GeoAnalytics Performance: Feature Layer or BigData Store

1256
9
03-08-2018 05:00 AM
deleted-user-4ympgHKYfQv_
New Contributor II

Hi,

I am new to GeoAnalytics Server. 

My question is which data type is more effictive running analysis? The same data published as a (hosted) Feature Layer or e.g. as a CSV file in a BigData Store?

Thanks for your help.

Tags (1)
9 Replies
SarahAmbrose
Esri Contributor

Hi Carsten_Nexiga

I usually recommend to move the data around as little as possible - especially with big data. For your case, I would guess it’s going to be faster to run the data directly from the big data file share than to publish the data, and then run the tool. But there may be other factors, for example if your csv is on a shared location that has slow network speeds, and it takes a while for the server to access it. Ultimately, I think there is more flexibility with a big data file share (such as being able to easily modify the data, more flexibility in time and geometry formats, ability to add multiple csvs to represent 1 dataset) that using a big data file share is usually more advantageous.

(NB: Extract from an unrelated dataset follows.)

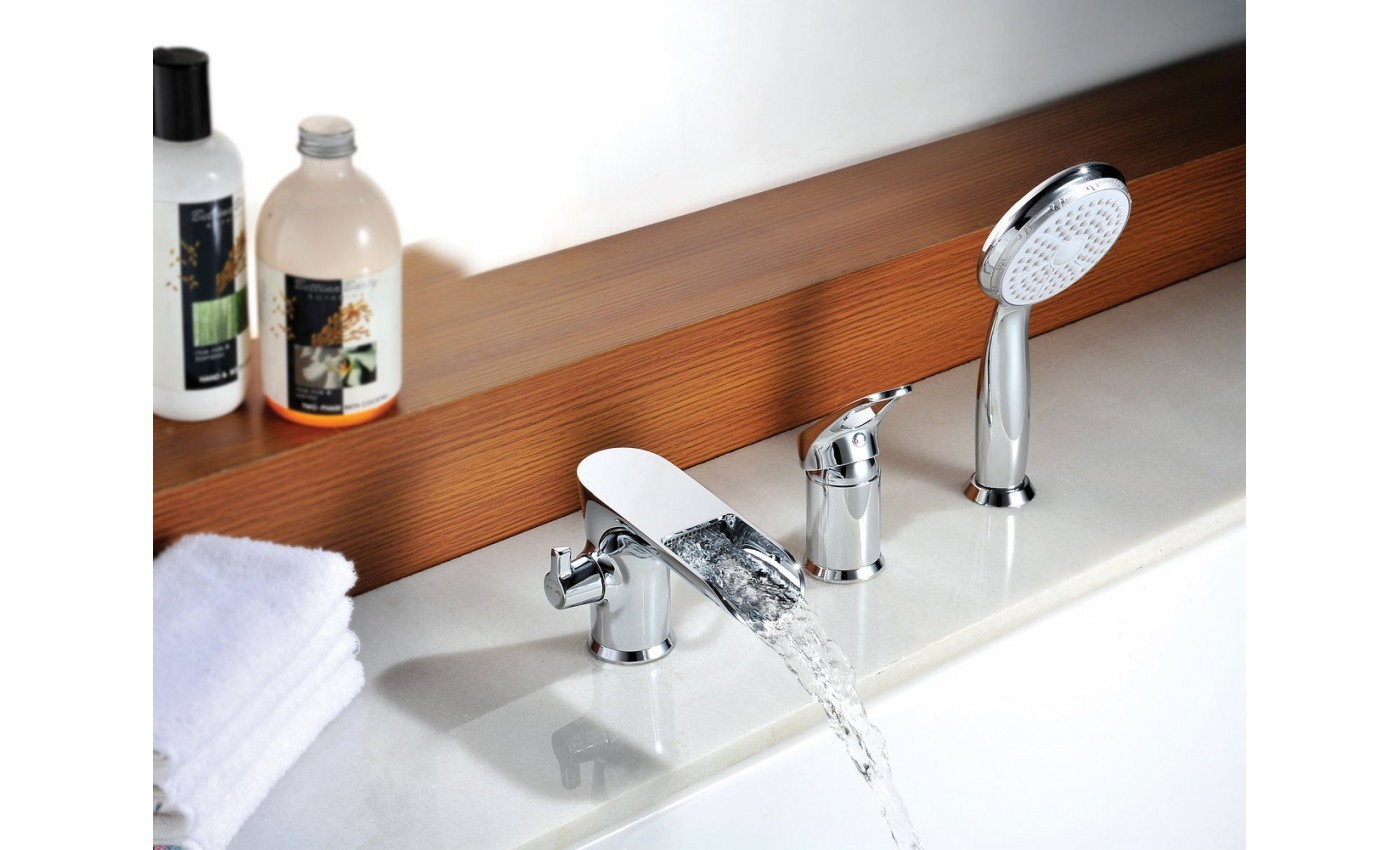 Приобрести lemark смеситель на борт ванны omega, 3 отверстия, хром lm3145c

For this response I assumed "effective" meant, “Which is faster?”. Let me know if that’s not what you mean and I’ll change up my answer a bit.

Thanks,

Sarah Ambrose
Product Engineer, GeoAnalytics Server

deleted-user-4ympgHKYfQv_
New Contributor II

Hi Sarah Ambrose,

I made some performance test (for now only with hosted FL). I used the GeoAnalytics "Aggregate Points" tool. My setup is the following.

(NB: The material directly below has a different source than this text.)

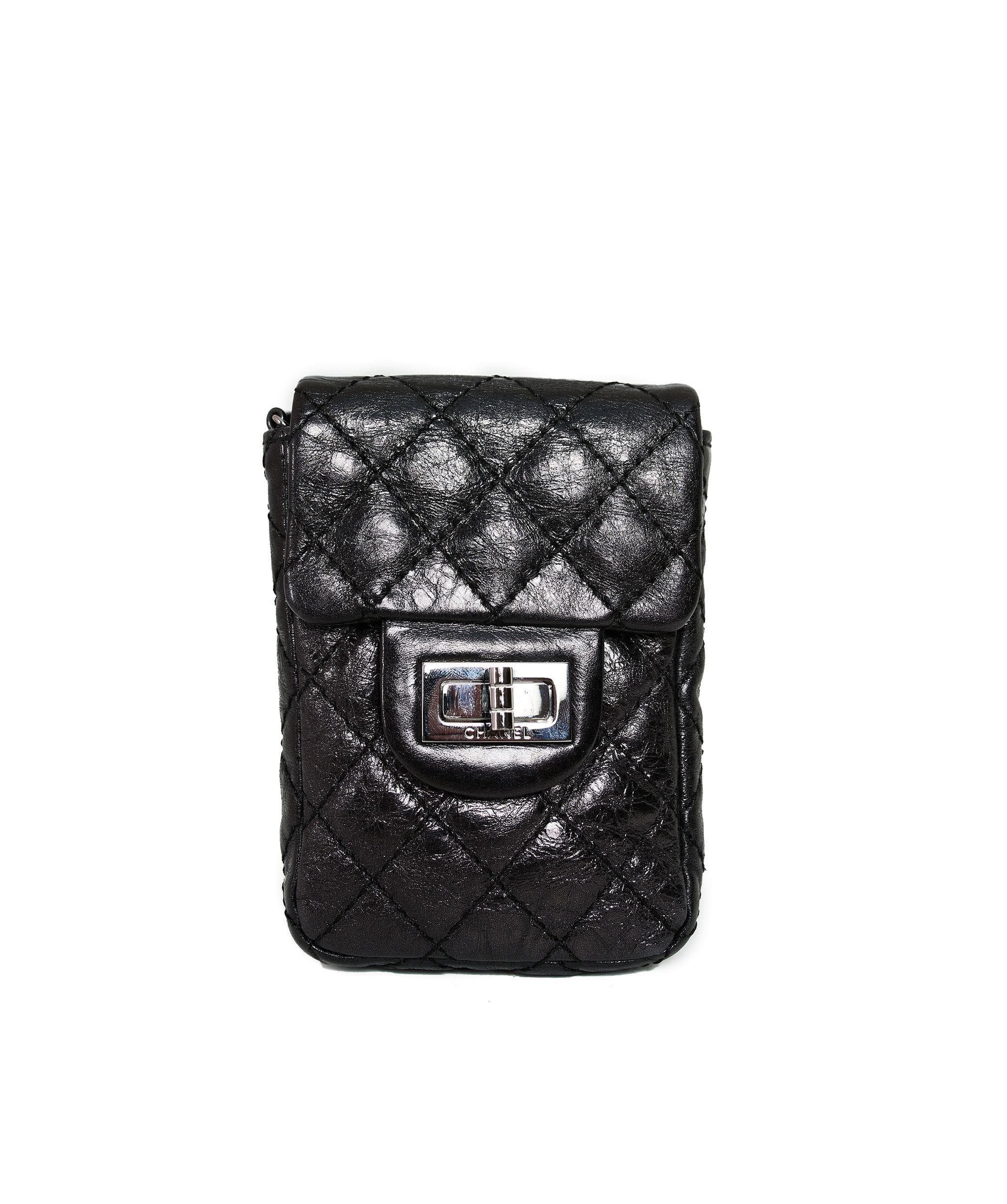 Chanel Chanel 2.55 Metallic Lambskin WOC PHW  AGL1059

1. I had a FL stored in a Postgres-Geodatabase (around 800,000 features, ESPG 31493).

2. I created two Portal FL services from that data: 

   a.) a FL with data referenced to the DBMS and

   b.) a FL with data copied to Relational DS of the portal.

Running the tool it takes for a.) around 7 minutes and for b.) around 1 minute.

- The strange thing is, if I use ESPG 3857 instead of 31493 both test only take around 2 minutes with the same dataset. Why that? I could use 3857 instead but being in northern europe the distances of the squares or hexagones are very disturbed.

- When running the tool with the referenced data (a.)) the GeoAnalytics Server logs show the following: 

WARNING     05.04.2018 09:45:29     Internal error: Failed to get serviceDefinition for https://<portalURL>:6443/arcgis/rest/services/bussgeld_31493_pg/FeatureServer/0     System/GeoAnalyticsTools.GPServer
SEVERE     05.04.2018 09:45:29     REST call to 'https://<portalURL>:6443/arcgis/rest/admin/services/bussgeld_31493_pg/FeatureServer' failed (reason=Server returned error: [Service 'bussgeld_31493_pg' does not exist or is not started.])     System/GeoAnalyticsTools.GPServer

Might that be the reason with using the tool with a.) is soooo slow? Is there any way around to fix that?

Thanks,

Carsten

0 Kudos
SarahAmbrose
Esri Contributor

Hi Carsten Hogertz‌,

Given your other question - I have a few questions for you on how you are running the tool: Copy to Data Store - GeoAnalytics

1. Are you running this tool through ArcGIS Pro? 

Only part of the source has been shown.